A breakdown of the total expenditure showed that the recurrent component accounted for 59.6 per cent or N655bn, while capital and statutory transfer components accounted for 31.8 or N349.8bn and 8.6 per cent or N94.6bn, respectively.
A further breakdown of the recurrent expenditure showed that the non-debt expenditure component accounted for 65.7 per cent or N430.3bn, while debt service payments accounted for the balance of N224.6bn or 34.3 per cent.
The report read in part, “At N1.10tn, provisional data showed that the Federal Government’s expenditure for the fourth quarter of 2015 was lower than both the provisional quarterly budget estimate and the level in the preceding quarter by 6.9 and 5.8 per cent, respectively.
“The development, relative to the quarterly budget estimate, was attributed mainly to the rise in capital expenditure."
Reacting to the development, some financial analysts said the borrowing might be a last resort by the government to survive its revenue challenges.

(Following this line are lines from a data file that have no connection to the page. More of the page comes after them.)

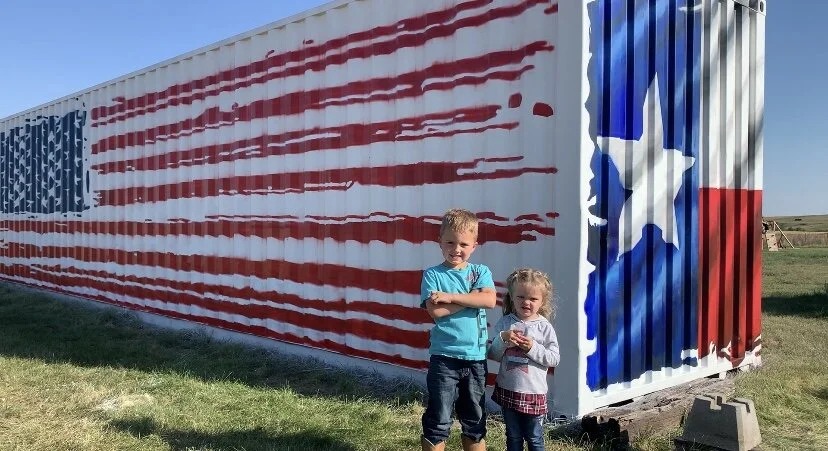 "Untitled" US, Texas Flags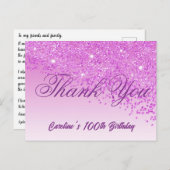 Pink Glitter, 100ste verjaardag Briefkaart (Voorkant / Achterkant)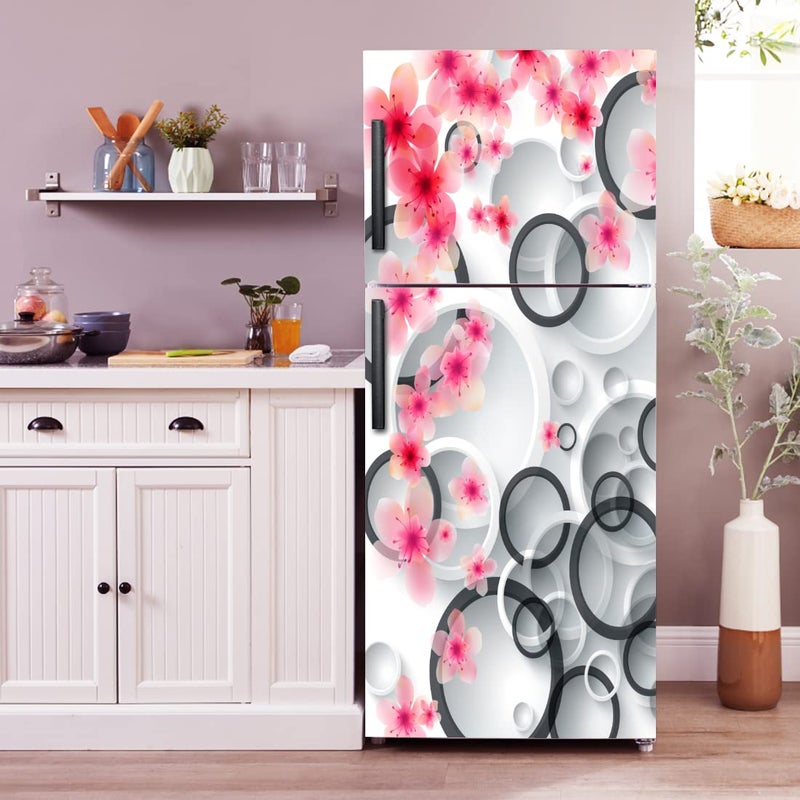 WallDaddy WallDaddy Fridge Stickers Wall Stickers Beautiful Fridge Decorative Sticker Wallpaper Poster PVC Vinyl Large Size 60x160 cm Sea Rings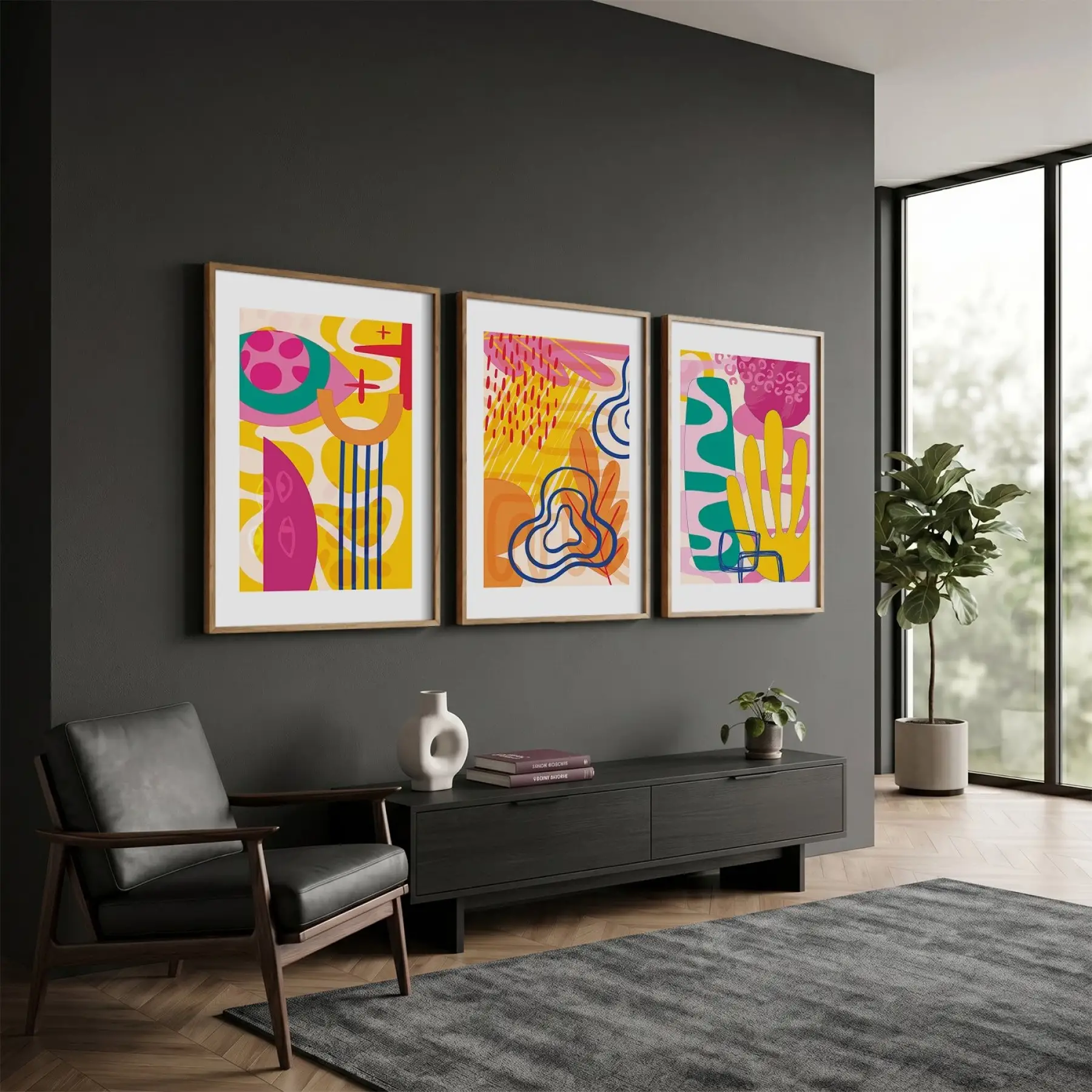 Renkli Soyut Enerji 3lü Ahşap Çerçeveli Tablo Seti Poster Tablo Duvar Tablo Ev Dekorasyonu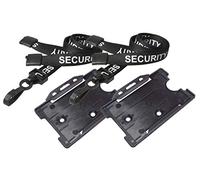 PCL Media ltd SIA - Cordino di sicurezza con porta badge, prestampato, con porta carte di credito e porta carte d'identità nero (confezione da 2)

They said there was a need for the government to urgently begin a readjustment of its fiscal position in a way that would enable it to generate more revenue from taxes.
The Head, Department of Banking and Finance, Nasarawa State University, Uche Uwaleke, said the supplementary budget, which was approved by the National Assembly during the fourth quarter of 2015 to pay for fuel subsidy, might have led to the borrowing.
He said while borrowing in itself was not a bad economic strategy, the way in which the borrowed funds was being used was important.
Uwaleke said, “I am not worried about borrowing because debt is a leverage, but it depends on what the loan is used for. Recall that we had a supplementary budget of about N500bn and this must be financed by the government, but because of the drop in revenue, the government needed to borrow to pay subsidies to oil marketers.
“Oil prices had been on a steady decline during the fourth quarter and this affected revenue. So, I see the borrowing as a last resort to prevent the total collapse of the economy since we had a serious revenue shortfall.”
The Director-General, Institute of Fiscal Studies of Nigeria, Mr. Godwin Ighedosa, said the expenditure of the government needed to be reduced in a manner that would reflect the rate of revenue decline.
He said, “We have so much relied on oil revenue within the last 45 years and with the decline in oil revenue, the time has come for us to review our fiscal position."